On Tuesday, August 31, 1993, at 1330 eastern daylight time, a Beech BE-19, N24685, registered to K. R. Robinson, Inc., and piloted by Kendall A. Knox, sustained substantial damage during an attempted takeoff from the Lakes Regional Airport, Wolfboro, New Hampshire. The pilot and passenger were not injured. Visual meteorological conditions prevailed, and no flight plan was filed. The flight was being conducted under 14 CFR 91.

The pilot initiated a takeoff on runway 30. In his report, the pilot stated:

The aircraft accelerated to 45 mph and the nose- wheel came off the runway.
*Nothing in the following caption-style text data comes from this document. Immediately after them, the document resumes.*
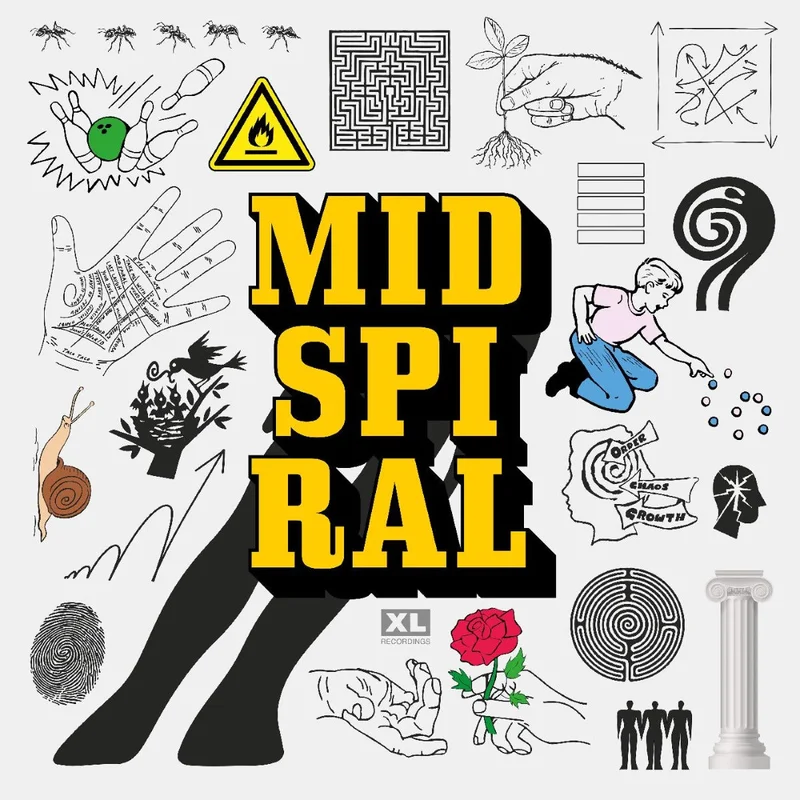 BadBadNotGood: Mid Spiral 12"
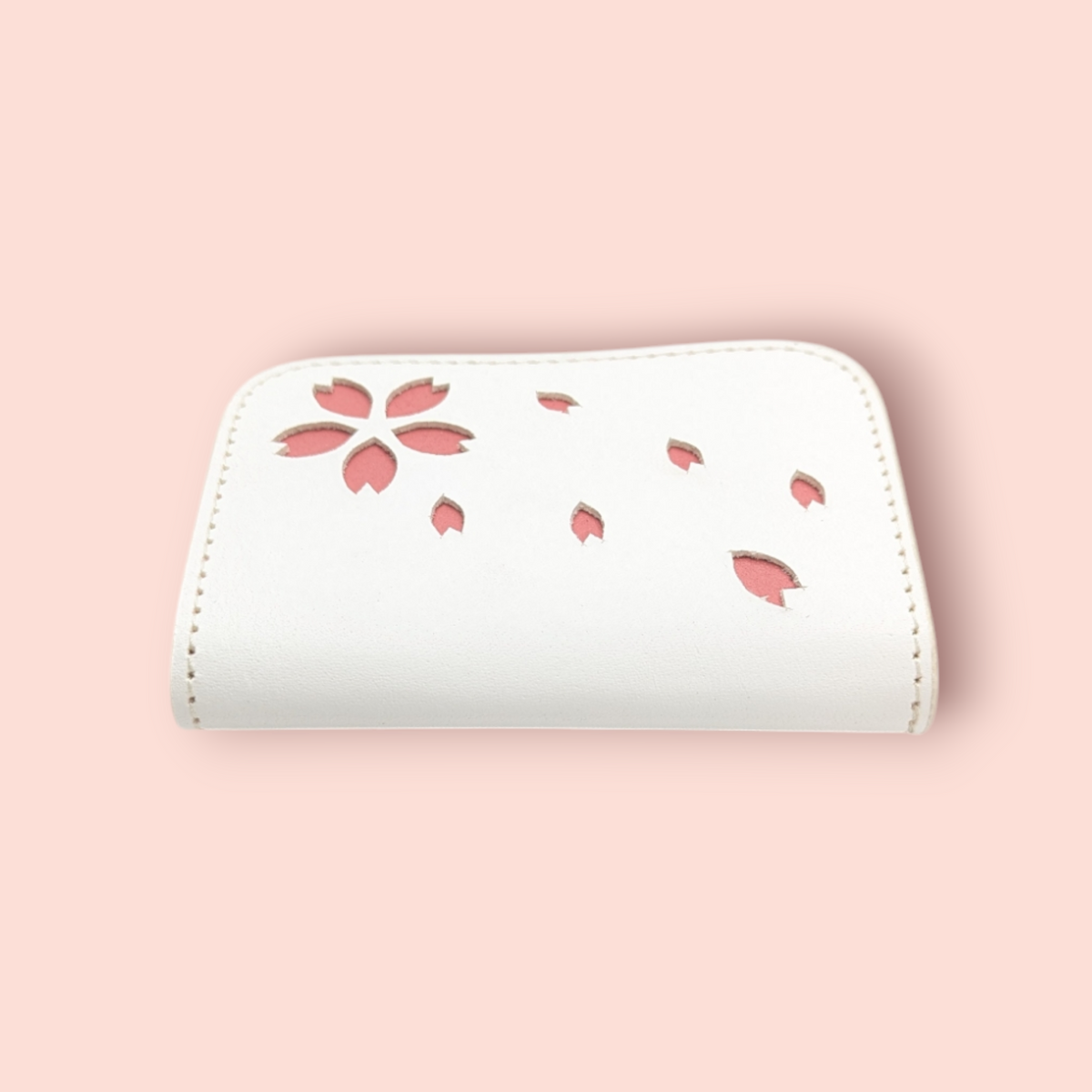 1355タイプ 名刺入れ 桜型抜き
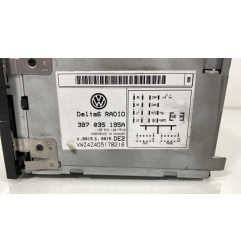Autoradio d'origine VOLKSWAGEN PASSAT 4
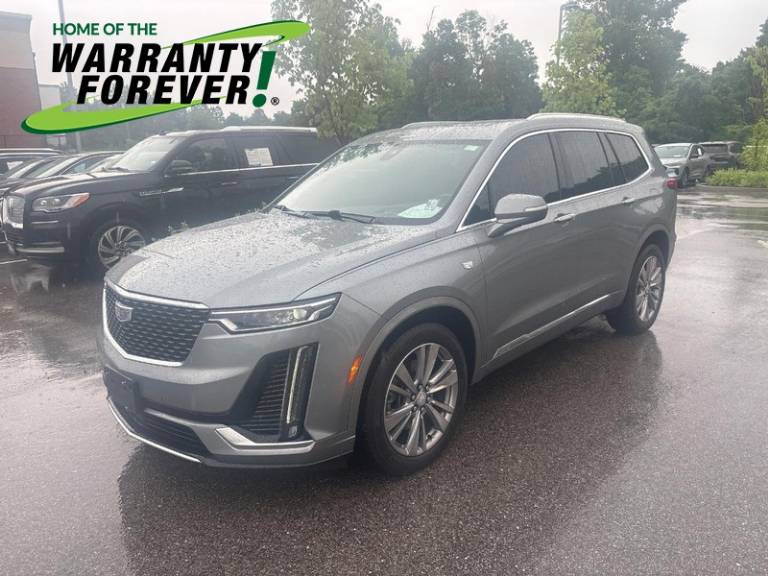 2023 Cadillac XT6 Premium Luxury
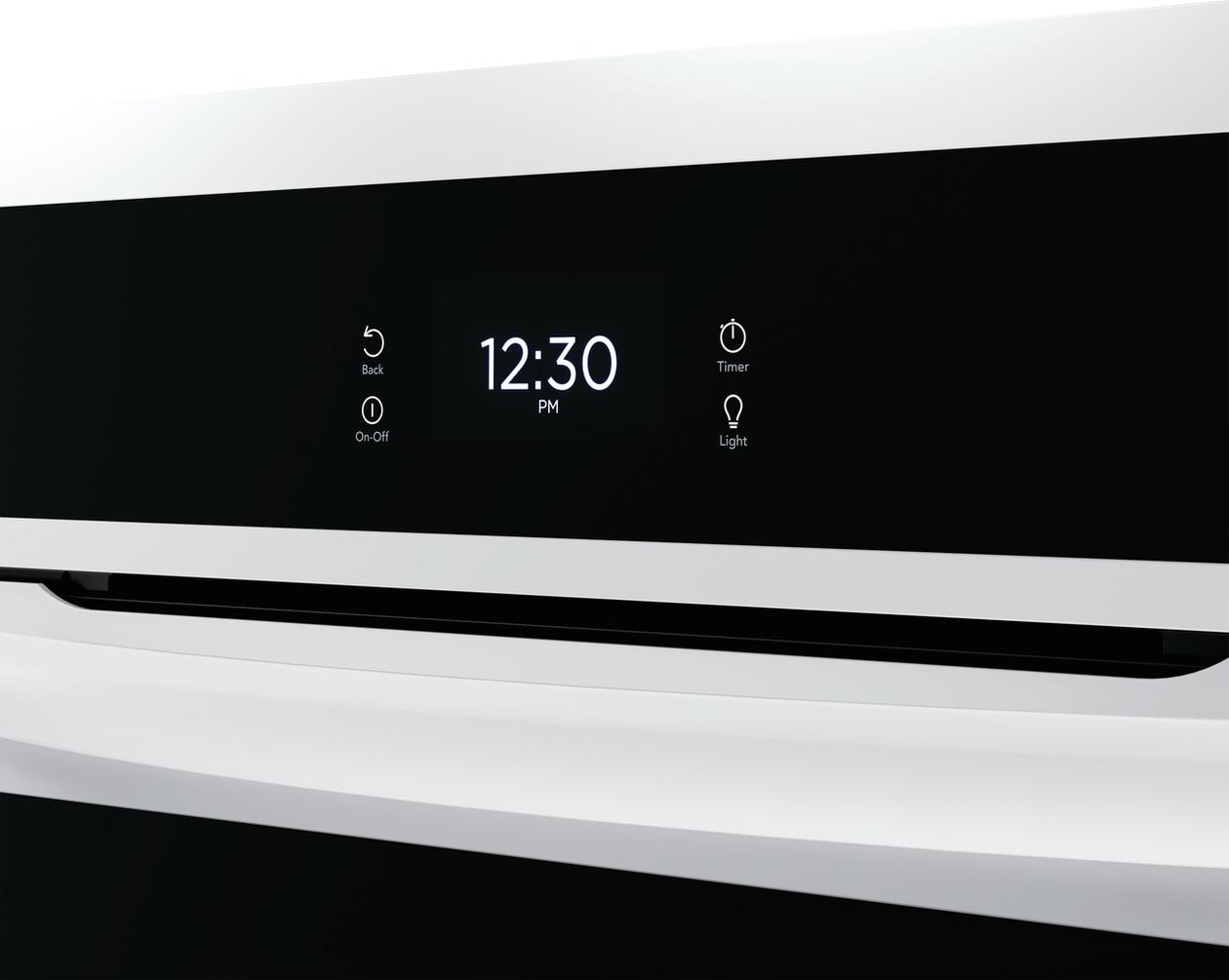 24" Single Gas Wall Oven with Air Fry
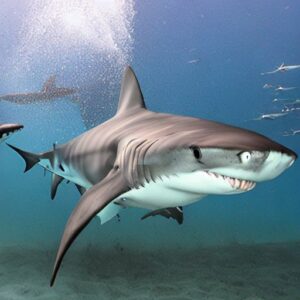 Are There Lots of Sharks in Tampa Bay?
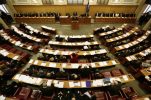 9th Croatian parliament dissolved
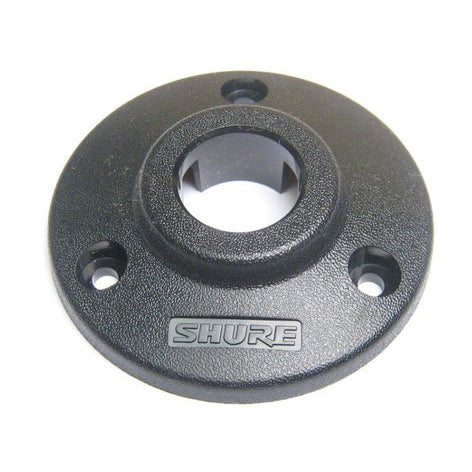 Shure 65B8264 Gooseneck Mic Flange – Chuck Levin's Washington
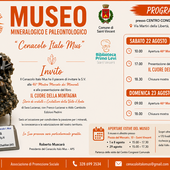 Cenacolo Italo Mus, Roberto Muscarà alla guida: nuova fase tra mineralogia, cultura e identità valdostana Cenacolo Italo Mus, Roberto Muscarà alla guida: nuova fase tra mineralogia, cultura e identità valdostana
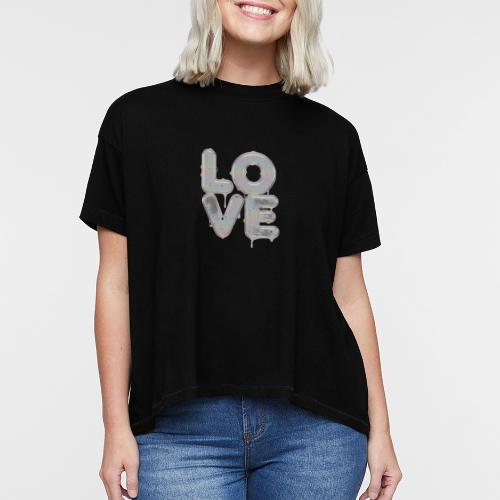 Love - Women's Hi-Lo Tee
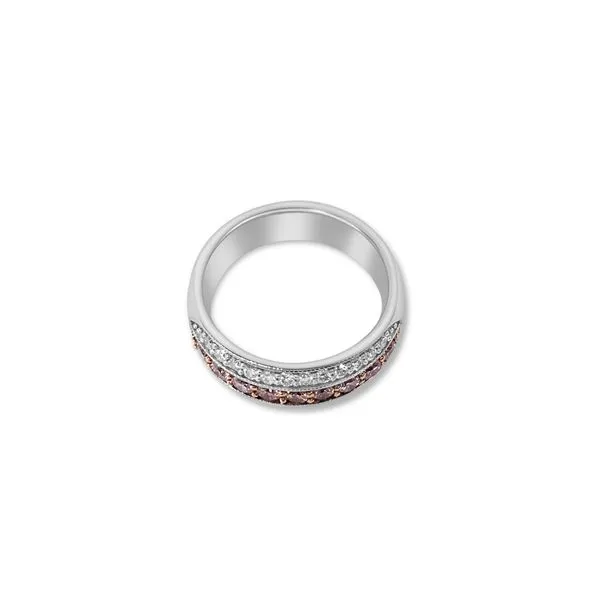 Pink Diamond Ring Image 3 Victoria Jewellers REGINA, SK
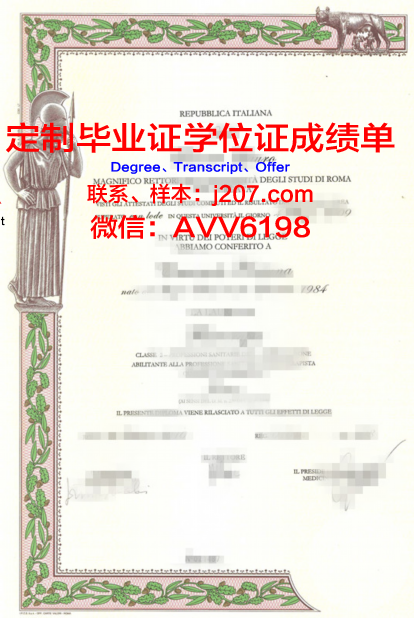 罗马国际研究大学毕业证:开启国际化教育新篇章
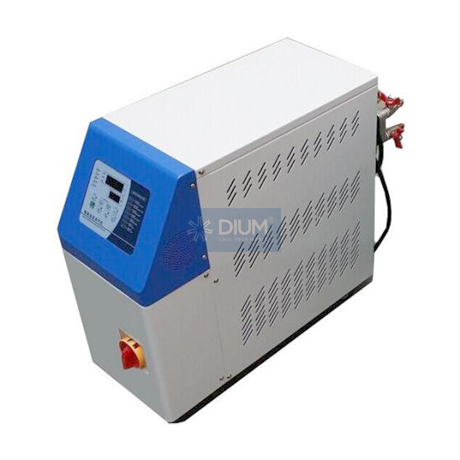 What is a mold temperature machine?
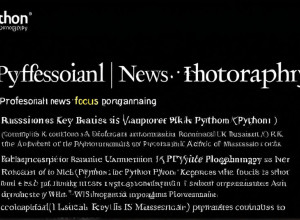 Bazele programării în Python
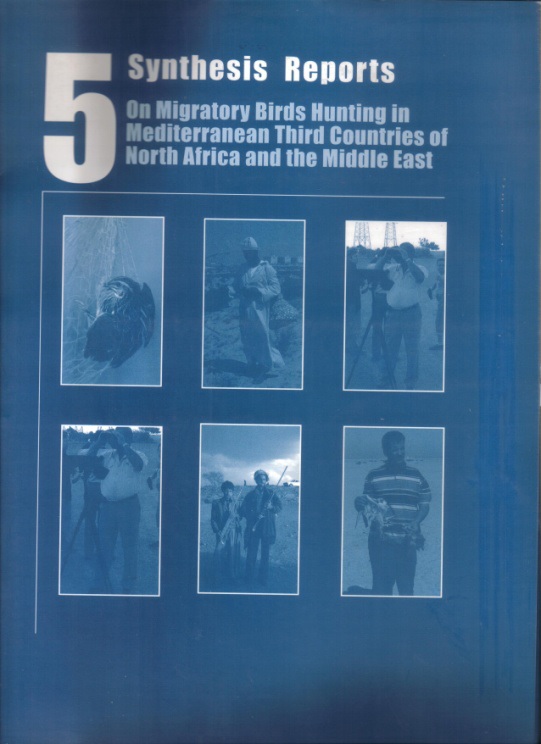 A series of reports on the status of hunting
The A/C continued to accelerate to 60 mph and the main gear came off the runway. The elevator was relaxed slightly in an attempt to accelerate in ground effect and avoid an imminent stall...however the aircraft settled back down onto the runway. The airspeed was between 55-60 mph and the A/C came off the runway again, but only briefly and again settled down failing to climb. At this point the A/C left the paved runway...through...piles of dirt...

Mr. Thomas C. Schultz, Aviation Safety Inspector for the Federal Aviation Administration (Airworthiness), conducted an examination of the wreckage and an interview with the pilot. In his report, Mr. Schultz stated:

The pilot stated that the run-up and power check were normal. When he attempted to take off...he lifted the nose at 45 MPH The aircraft lifted then settled back to the runway. He lowered the nose and accelerated to about 60 MPH, and lifted the nose again and the aircraft lifted then settled back again. ...the aircraft departed the end of the runway, hit some piles of dirt.

His report continued:

When asked if the nose high attitude was higher than usual he said YES. When asked if the aircraft just mushed forward down and off the end of the runway, he again said YES...

Mr. Schultz's report also stated:

On [October 1, 1993] an engine run was accomplished on the above engine while still attached to the fuselage....The engine was started with no difficulty.. ..No malfunction was found that could have caused the accident.

The pilot reported that his total flight time within the 90 days prior to the accident was 1.5 hours.